[INFORMATION GIVEN]
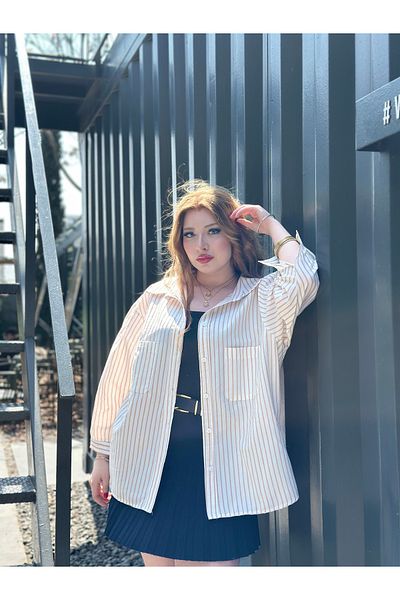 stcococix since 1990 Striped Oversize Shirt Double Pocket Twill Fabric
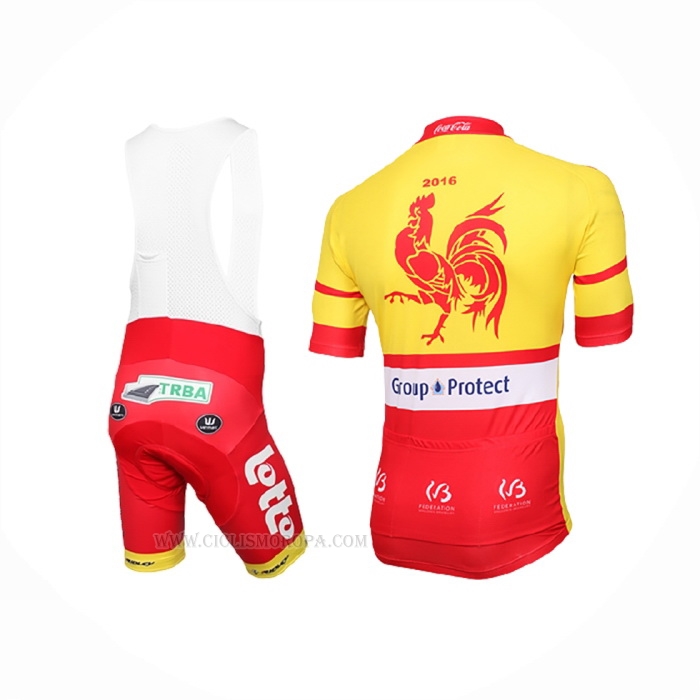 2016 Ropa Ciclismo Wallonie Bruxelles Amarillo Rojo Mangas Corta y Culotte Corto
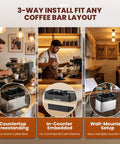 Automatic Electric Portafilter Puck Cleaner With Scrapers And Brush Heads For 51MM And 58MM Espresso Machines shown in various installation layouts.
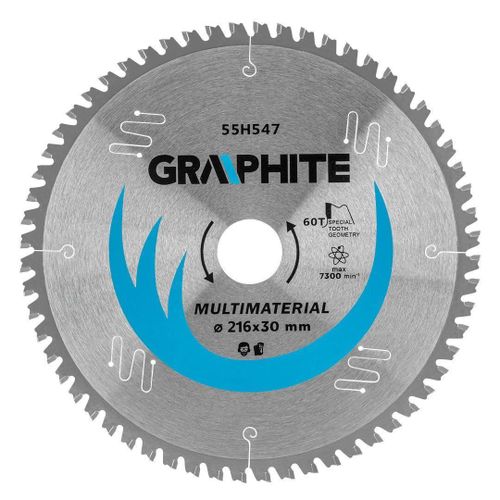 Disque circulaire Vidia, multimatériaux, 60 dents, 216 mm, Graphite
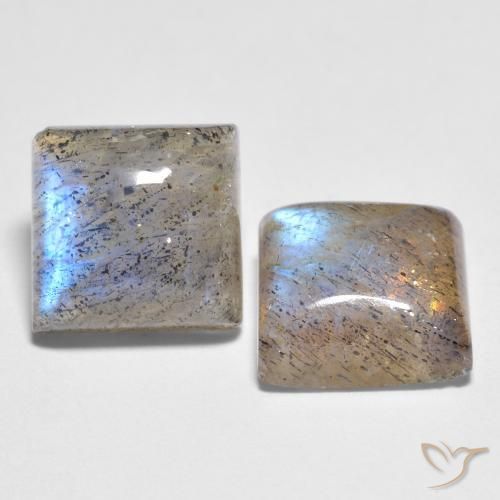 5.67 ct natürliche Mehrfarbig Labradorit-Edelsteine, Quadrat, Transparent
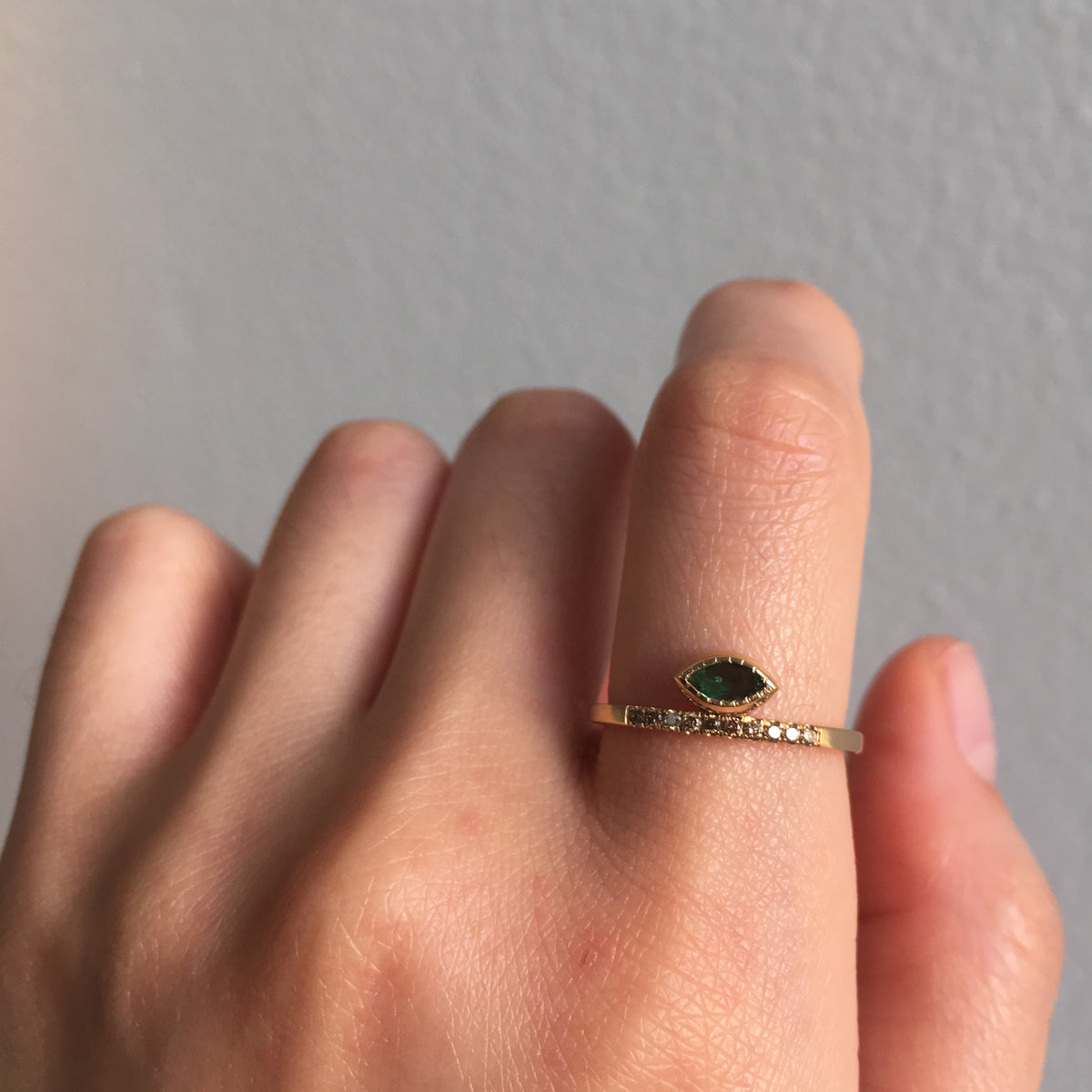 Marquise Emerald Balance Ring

[EXERCISE GOAL]
We ask that the entries above be copied exactly, with the pictures omitted.

[EXERCISE OUTPUT]
 stcococix since 1990 Striped Oversize Shirt Double Pocket Twill Fabric
 2016 Ropa Ciclismo Wallonie Bruxelles Amarillo Rojo Mangas Corta y Culotte Corto
 Automatic Electric Portafilter Puck Cleaner With Scrapers And Brush Heads For 51MM And 58MM Espresso Machines shown in various installation layouts.
 Disque circulaire Vidia, multimatériaux, 60 dents, 216 mm, Graphite
 5.67 ct natürliche Mehrfarbig Labradorit-Edelsteine, Quadrat, Transparent
 Marquise Emerald Balance Ring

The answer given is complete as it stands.